> _WHAT IS BEING ASKED_
Without including any images, repeat the listing below exactly.

> _INFORMATION PROVIDED_
__________

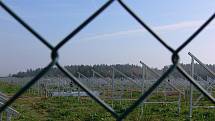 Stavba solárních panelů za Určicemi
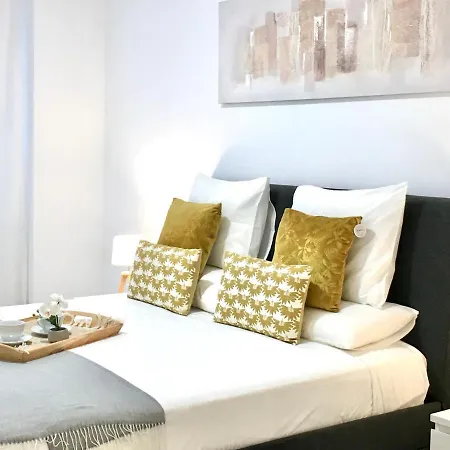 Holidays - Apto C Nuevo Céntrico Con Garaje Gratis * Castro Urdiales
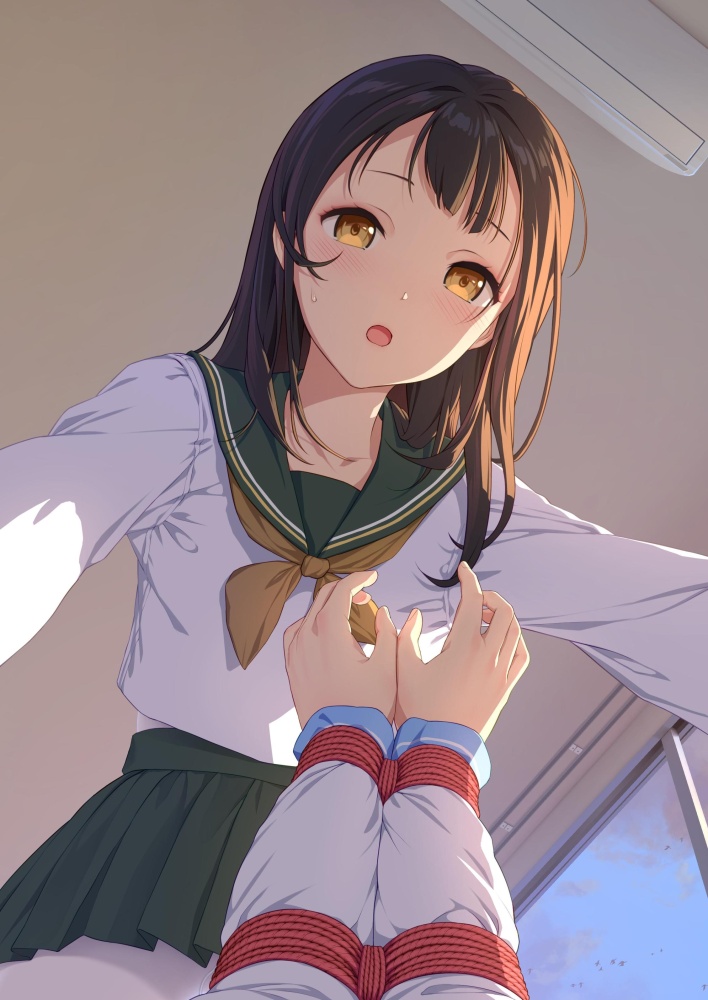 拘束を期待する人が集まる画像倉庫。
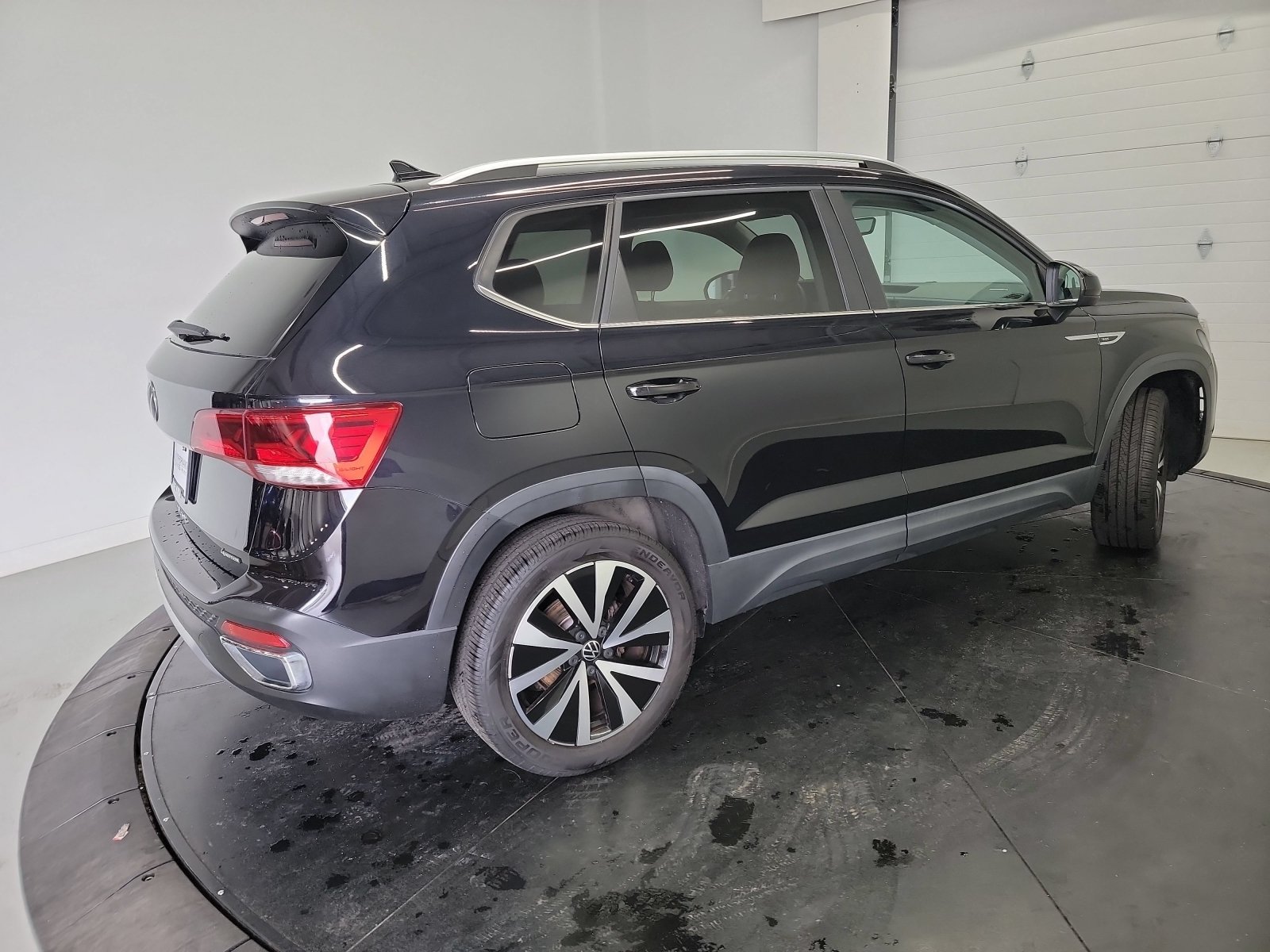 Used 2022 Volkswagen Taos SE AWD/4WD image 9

__________

> _ANSWER TO THIS PROBLEM_
 Stavba solárních panelů za Určicemi
 Holidays - Apto C Nuevo Céntrico Con Garaje Gratis * Castro Urdiales
 拘束を期待する人が集まる画像倉庫。
 Used 2022 Volkswagen Taos SE AWD/4WD image 9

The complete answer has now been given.